Her book is interesting in part because she devotes almost half to poems she has translated – notably the work of Marina Tsvetayeva and other Russian poets. She has much in communion with – and has learnt much from – such poets: their passionate engagement with life lived in extremis.

Hugo Williams, whose Collected Poems (Faber, £20) is also just published, seems by comparison as disarmingly casual as Hugh Grant draped across a sofa. He has no time for standard poetic techniques; he never beats a rhetorical breast. There are no long words – like metonymy or periphrasis – to be half-understood. The manner is low-key, the writing apparently loose. Seemingly: much of his work returns to the absurdities of his schooldays, or finds him humorously quizzing himself about his uneasy relationship with his father, actor Hugh Williams. What did it all represent? How much of the father is there in the son? His poems are redeemed and energised by a deadpan humour. At first, they can seem trivial and suave. And yet they endure – like good jokes.

Quite the opposite of Williams is Geoffrey Hill, whose poetry has been intimidating and invigorating relatively unlearned mortals for almost half a century. Hill is 70 this year, and in the past decade has been extraordinarily prolific – four of his seven collections of poetry have appeared since 1996.

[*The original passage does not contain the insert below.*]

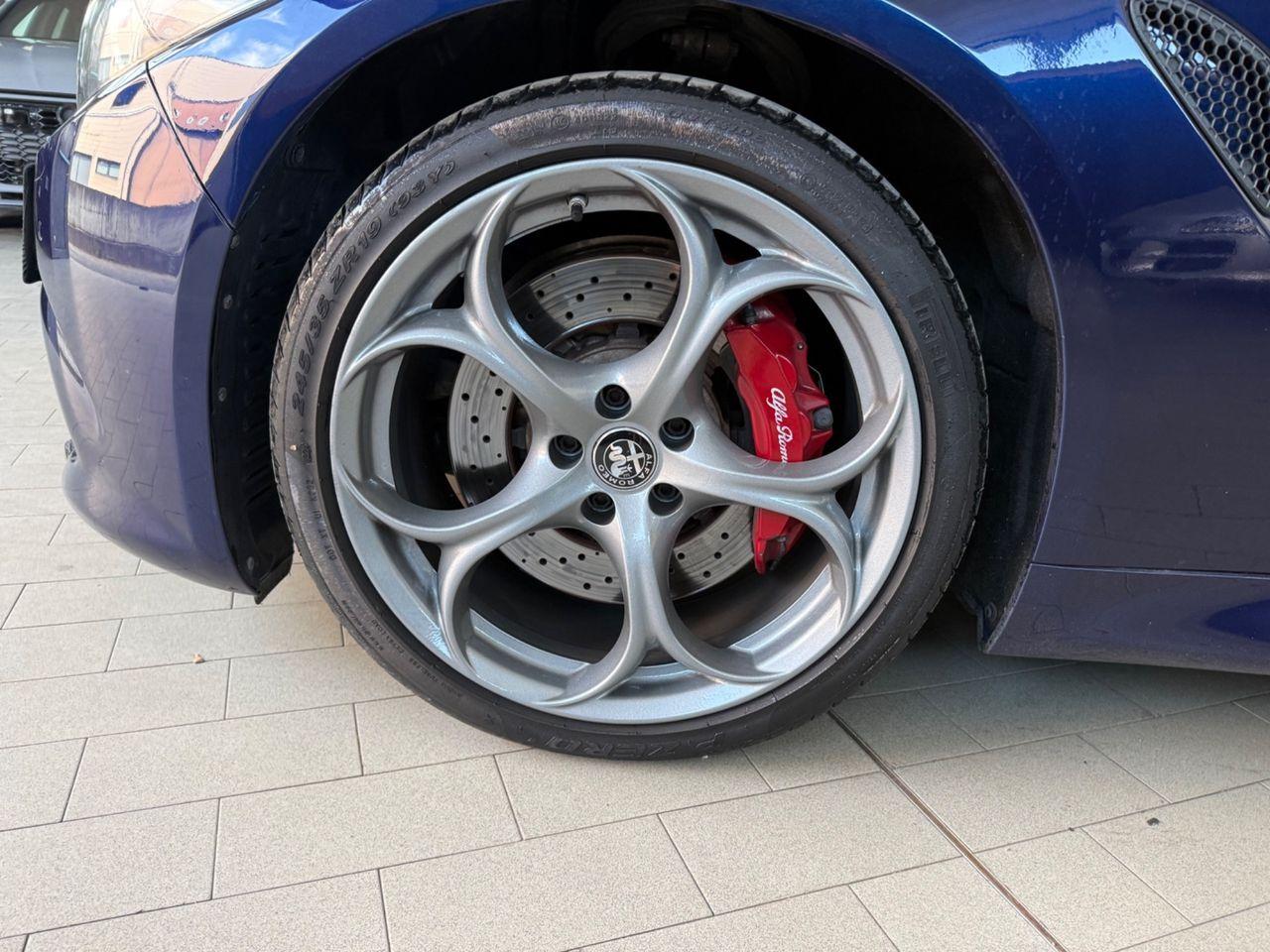 Alfa Romeo Guilia 2.9 V6 Bi-Turbo Quadrofoglio 510ch - Pack Carbone - Harman Kardon - Camera - Non fumeur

To some, Hill represents a huge anachronism. At a time when poets have embraced the vernacular wholesale, Hill has adhered to a high, rhetorical style full of debunking Latinisms and relentlessly obscure references. The Orchards of Syon (Penguin, £9.99) retains some of this manner, and yet it also reveals a new lyric sweetness. The vocabulary is more relaxed and inclusive. There is a less loftily chilly atmosphere about this sequence of 72 page-long meditations upon human mortality, the nature of beauty, the fragile, remembered delights of the vanished England of his childhood.

Sean O'Brien, who has just published Cousin Coat (Picador, £7.99), his selected poems of a quarter of a century, is a pugnacious, sarky-tongued man of the North of England with a gritty social message. He has often been compared to Auden, and echoes or similar turns of phrase are easily found. Like Auden, O'Brien's poetry is full of hasty, snapshot observations of places and people – he is often leaving or just arriving. But O'Brien is louder-mouthed, tougher-minded, less prissy and much more intrusively foot-in-the-door. Which is a tonic, and one among several very good reasons to read him.